- [What needs to be done]: Starting from the line that holds "forever21 popup örneği", print every line through the end of the records, first and last included.

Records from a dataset
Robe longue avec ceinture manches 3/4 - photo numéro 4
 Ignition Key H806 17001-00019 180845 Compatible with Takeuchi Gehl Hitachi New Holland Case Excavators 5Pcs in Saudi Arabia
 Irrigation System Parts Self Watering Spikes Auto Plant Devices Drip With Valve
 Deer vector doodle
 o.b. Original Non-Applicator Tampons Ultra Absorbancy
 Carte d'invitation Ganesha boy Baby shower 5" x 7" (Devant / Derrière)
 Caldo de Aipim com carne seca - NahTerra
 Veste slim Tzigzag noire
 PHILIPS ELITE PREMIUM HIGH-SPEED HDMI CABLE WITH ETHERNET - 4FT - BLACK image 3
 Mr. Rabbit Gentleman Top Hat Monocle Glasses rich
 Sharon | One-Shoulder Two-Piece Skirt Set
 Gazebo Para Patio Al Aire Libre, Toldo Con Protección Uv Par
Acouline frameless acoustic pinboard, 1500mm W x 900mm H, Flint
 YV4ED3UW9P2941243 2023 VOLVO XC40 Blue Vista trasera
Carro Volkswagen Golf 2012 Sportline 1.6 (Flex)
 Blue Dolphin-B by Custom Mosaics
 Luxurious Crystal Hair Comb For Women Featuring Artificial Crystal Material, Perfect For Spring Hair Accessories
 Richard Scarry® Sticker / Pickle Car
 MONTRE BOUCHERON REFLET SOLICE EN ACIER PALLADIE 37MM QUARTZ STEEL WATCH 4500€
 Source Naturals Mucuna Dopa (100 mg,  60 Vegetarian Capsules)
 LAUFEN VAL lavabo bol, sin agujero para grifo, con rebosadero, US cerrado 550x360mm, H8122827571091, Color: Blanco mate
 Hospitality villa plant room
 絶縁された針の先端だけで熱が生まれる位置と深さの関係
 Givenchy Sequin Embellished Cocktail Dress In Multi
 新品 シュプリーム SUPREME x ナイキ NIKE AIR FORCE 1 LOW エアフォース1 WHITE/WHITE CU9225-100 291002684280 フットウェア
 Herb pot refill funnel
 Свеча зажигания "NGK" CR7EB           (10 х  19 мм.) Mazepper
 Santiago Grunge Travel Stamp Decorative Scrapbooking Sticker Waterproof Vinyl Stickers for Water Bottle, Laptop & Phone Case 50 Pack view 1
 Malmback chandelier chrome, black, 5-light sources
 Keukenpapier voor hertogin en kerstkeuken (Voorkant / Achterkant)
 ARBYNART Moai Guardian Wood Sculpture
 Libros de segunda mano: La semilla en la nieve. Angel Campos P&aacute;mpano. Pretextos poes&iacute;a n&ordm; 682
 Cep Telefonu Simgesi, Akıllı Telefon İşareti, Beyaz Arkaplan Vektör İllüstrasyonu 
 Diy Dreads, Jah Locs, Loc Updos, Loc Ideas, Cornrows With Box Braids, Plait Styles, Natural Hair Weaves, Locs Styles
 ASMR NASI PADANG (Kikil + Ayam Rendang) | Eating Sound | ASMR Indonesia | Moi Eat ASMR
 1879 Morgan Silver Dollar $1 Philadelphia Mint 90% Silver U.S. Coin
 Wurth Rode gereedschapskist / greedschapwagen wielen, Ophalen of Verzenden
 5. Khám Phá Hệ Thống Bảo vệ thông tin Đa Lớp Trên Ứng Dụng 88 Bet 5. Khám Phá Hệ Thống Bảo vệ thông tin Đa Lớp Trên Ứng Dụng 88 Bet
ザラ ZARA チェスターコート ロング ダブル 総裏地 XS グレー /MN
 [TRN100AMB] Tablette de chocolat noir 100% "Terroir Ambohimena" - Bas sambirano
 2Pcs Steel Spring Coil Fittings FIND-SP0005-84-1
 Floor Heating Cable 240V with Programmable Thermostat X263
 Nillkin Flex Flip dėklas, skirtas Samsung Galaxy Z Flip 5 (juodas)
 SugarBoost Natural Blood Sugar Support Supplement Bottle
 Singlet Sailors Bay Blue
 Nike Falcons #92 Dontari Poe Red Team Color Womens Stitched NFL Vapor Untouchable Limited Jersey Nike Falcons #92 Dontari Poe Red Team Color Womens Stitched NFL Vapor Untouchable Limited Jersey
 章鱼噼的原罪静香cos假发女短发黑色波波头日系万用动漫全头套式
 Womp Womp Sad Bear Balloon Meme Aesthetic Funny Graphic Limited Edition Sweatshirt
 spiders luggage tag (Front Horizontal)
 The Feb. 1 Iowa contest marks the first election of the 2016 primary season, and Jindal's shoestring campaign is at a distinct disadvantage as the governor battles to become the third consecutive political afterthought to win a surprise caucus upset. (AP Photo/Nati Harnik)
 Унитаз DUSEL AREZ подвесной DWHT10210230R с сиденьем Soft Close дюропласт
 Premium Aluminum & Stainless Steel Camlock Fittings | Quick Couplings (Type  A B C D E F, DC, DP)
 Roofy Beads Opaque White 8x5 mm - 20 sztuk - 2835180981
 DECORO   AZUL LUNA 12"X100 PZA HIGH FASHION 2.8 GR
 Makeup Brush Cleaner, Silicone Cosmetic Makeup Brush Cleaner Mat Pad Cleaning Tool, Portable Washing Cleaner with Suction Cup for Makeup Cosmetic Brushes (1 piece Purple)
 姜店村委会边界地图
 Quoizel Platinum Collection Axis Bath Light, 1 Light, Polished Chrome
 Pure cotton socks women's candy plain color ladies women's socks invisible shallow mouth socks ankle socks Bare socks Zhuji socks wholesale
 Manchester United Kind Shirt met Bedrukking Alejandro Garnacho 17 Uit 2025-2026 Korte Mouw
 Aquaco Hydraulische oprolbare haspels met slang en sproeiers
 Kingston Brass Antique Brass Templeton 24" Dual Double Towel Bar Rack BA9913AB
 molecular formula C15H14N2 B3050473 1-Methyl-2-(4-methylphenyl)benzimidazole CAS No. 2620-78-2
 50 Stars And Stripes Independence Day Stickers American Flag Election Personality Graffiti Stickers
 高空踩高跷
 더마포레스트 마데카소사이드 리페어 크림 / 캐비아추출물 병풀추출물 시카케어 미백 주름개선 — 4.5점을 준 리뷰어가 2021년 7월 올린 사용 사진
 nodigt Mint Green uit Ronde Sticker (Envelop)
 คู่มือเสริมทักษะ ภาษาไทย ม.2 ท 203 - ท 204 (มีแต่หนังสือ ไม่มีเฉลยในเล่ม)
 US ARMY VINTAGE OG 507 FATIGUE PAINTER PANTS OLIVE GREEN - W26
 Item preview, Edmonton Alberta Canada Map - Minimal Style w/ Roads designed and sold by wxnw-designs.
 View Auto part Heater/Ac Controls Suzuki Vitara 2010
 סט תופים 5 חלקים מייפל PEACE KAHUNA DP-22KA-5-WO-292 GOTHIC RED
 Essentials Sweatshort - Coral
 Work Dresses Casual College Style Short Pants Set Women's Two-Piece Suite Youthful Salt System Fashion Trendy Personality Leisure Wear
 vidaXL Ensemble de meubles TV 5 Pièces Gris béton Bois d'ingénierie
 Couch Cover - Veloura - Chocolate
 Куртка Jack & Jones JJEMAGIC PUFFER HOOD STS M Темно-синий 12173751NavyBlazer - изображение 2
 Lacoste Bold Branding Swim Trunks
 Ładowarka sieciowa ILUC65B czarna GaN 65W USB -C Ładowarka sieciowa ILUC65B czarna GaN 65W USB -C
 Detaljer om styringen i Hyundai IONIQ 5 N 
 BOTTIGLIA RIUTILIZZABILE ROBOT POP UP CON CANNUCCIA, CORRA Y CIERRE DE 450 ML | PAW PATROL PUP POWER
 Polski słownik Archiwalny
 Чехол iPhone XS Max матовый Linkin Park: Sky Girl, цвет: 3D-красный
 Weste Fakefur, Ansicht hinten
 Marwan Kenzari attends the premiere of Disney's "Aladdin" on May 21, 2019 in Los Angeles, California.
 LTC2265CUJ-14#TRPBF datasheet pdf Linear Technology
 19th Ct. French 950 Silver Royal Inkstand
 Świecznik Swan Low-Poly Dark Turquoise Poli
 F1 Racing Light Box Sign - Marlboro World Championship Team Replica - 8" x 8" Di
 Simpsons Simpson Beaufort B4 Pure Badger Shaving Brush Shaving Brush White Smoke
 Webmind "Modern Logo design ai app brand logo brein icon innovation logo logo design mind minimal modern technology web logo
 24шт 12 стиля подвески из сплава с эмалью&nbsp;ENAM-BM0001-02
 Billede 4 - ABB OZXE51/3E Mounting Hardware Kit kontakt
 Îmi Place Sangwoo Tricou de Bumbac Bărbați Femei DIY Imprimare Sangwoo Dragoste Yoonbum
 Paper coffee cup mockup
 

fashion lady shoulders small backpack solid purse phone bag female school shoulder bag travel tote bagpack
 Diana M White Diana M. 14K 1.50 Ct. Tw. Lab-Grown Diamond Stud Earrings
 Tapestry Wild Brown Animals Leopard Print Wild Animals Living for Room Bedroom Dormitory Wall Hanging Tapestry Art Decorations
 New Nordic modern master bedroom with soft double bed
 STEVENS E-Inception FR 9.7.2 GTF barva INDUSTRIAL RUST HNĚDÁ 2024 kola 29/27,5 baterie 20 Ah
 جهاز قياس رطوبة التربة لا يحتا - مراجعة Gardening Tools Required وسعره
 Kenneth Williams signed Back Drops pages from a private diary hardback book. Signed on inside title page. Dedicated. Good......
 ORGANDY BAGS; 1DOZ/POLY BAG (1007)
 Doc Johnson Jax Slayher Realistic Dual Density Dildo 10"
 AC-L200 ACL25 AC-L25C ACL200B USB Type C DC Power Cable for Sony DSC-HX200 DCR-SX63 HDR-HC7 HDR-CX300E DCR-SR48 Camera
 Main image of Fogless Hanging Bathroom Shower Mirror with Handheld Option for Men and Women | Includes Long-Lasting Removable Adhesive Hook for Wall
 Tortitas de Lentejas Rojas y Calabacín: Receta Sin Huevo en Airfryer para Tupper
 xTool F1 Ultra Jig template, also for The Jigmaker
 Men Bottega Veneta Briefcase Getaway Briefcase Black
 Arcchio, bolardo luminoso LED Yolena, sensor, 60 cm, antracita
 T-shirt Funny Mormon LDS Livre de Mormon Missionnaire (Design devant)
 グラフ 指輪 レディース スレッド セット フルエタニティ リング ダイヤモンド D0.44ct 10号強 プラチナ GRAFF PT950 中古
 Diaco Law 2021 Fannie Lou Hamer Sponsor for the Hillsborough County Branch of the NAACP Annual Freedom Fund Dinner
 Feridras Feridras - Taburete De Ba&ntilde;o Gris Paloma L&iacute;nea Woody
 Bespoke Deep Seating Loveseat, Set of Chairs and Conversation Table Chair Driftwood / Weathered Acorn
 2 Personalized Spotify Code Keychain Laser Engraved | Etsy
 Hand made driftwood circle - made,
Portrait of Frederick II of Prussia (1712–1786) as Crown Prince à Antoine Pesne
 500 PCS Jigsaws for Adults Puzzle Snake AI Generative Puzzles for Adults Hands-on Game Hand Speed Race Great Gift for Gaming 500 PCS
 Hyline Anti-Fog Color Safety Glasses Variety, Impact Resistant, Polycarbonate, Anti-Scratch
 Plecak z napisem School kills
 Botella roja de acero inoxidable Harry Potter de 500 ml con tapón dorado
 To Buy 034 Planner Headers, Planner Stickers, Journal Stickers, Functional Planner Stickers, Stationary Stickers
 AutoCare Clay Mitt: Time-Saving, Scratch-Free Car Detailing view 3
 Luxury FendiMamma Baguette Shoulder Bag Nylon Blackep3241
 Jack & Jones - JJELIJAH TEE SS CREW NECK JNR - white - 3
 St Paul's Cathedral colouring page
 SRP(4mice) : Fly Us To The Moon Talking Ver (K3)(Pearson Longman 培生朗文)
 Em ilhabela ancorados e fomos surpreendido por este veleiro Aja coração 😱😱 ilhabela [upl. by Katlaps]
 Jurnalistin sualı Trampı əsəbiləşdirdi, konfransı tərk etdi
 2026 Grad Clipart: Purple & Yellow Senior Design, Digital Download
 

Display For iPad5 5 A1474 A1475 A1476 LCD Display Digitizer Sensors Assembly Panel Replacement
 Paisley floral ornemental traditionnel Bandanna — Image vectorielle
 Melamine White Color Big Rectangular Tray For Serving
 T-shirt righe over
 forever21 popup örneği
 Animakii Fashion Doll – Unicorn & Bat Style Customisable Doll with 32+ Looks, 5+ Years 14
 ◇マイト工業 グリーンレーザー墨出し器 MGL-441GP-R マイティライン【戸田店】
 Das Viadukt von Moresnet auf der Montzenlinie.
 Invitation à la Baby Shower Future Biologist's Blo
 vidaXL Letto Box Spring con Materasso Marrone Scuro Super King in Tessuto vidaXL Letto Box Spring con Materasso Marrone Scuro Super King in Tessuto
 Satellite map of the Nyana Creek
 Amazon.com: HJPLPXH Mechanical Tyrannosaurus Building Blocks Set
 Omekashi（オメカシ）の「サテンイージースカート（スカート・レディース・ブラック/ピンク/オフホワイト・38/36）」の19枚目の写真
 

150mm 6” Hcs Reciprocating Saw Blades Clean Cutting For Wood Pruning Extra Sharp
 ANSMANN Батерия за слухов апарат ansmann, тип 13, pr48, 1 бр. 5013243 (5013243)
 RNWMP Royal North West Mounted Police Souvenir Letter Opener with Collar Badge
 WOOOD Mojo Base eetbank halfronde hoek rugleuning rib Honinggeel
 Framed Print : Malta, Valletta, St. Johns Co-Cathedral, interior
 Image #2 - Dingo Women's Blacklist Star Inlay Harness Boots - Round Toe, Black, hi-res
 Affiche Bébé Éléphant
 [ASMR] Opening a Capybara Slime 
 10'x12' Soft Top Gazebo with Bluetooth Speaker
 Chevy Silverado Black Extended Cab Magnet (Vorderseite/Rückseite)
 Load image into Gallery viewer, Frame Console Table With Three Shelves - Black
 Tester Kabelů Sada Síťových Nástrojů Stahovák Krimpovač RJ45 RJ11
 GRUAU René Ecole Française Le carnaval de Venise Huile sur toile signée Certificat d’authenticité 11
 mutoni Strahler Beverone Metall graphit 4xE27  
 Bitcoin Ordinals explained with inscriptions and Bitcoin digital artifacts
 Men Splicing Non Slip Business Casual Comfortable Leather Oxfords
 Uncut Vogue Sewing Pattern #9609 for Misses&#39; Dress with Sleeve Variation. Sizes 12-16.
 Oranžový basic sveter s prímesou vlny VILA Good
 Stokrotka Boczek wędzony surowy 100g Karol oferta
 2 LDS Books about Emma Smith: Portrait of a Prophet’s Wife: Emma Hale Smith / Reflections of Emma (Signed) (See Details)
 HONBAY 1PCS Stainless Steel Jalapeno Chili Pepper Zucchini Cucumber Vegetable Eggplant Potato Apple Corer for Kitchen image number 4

- [Task result]:
 forever21 popup örneği
 Animakii Fashion Doll – Unicorn & Bat Style Customisable Doll with 32+ Looks, 5+ Years 14
 ◇マイト工業 グリーンレーザー墨出し器 MGL-441GP-R マイティライン【戸田店】
 Das Viadukt von Moresnet auf der Montzenlinie.
 Invitation à la Baby Shower Future Biologist's Blo
 vidaXL Letto Box Spring con Materasso Marrone Scuro Super King in Tessuto vidaXL Letto Box Spring con Materasso Marrone Scuro Super King in Tessuto
 Satellite map of the Nyana Creek
 Amazon.com: HJPLPXH Mechanical Tyrannosaurus Building Blocks Set
 Omekashi（オメカシ）の「サテンイージースカート（スカート・レディース・ブラック/ピンク/オフホワイト・38/36）」の19枚目の写真
 

150mm 6” Hcs Reciprocating Saw Blades Clean Cutting For Wood Pruning Extra Sharp
 ANSMANN Батерия за слухов апарат ansmann, тип 13, pr48, 1 бр. 5013243 (5013243)
 RNWMP Royal North West Mounted Police Souvenir Letter Opener with Collar Badge
 WOOOD Mojo Base eetbank halfronde hoek rugleuning rib Honinggeel
 Framed Print : Malta, Valletta, St. Johns Co-Cathedral, interior
 Image #2 - Dingo Women's Blacklist Star Inlay Harness Boots - Round Toe, Black, hi-res
 Affiche Bébé Éléphant
 [ASMR] Opening a Capybara Slime 
 10'x12' Soft Top Gazebo with Bluetooth Speaker
 Chevy Silverado Black Extended Cab Magnet (Vorderseite/Rückseite)
 Load image into Gallery viewer, Frame Console Table With Three Shelves - Black
 Tester Kabelů Sada Síťových Nástrojů Stahovák Krimpovač RJ45 RJ11
 GRUAU René Ecole Française Le carnaval de Venise Huile sur toile signée Certificat d’authenticité 11
 mutoni Strahler Beverone Metall graphit 4xE27  
 Bitcoin Ordinals explained with inscriptions and Bitcoin digital artifacts
 Men Splicing Non Slip Business Casual Comfortable Leather Oxfords
 Uncut Vogue Sewing Pattern #9609 for Misses&#39; Dress with Sleeve Variation. Sizes 12-16.
 Oranžový basic sveter s prímesou vlny VILA Good
 Stokrotka Boczek wędzony surowy 100g Karol oferta
 2 LDS Books about Emma Smith: Portrait of a Prophet’s Wife: Emma Hale Smith / Reflections of Emma (Signed) (See Details)
 HONBAY 1PCS Stainless Steel Jalapeno Chili Pepper Zucchini Cucumber Vegetable Eggplant Potato Apple Corer for Kitchen image number 4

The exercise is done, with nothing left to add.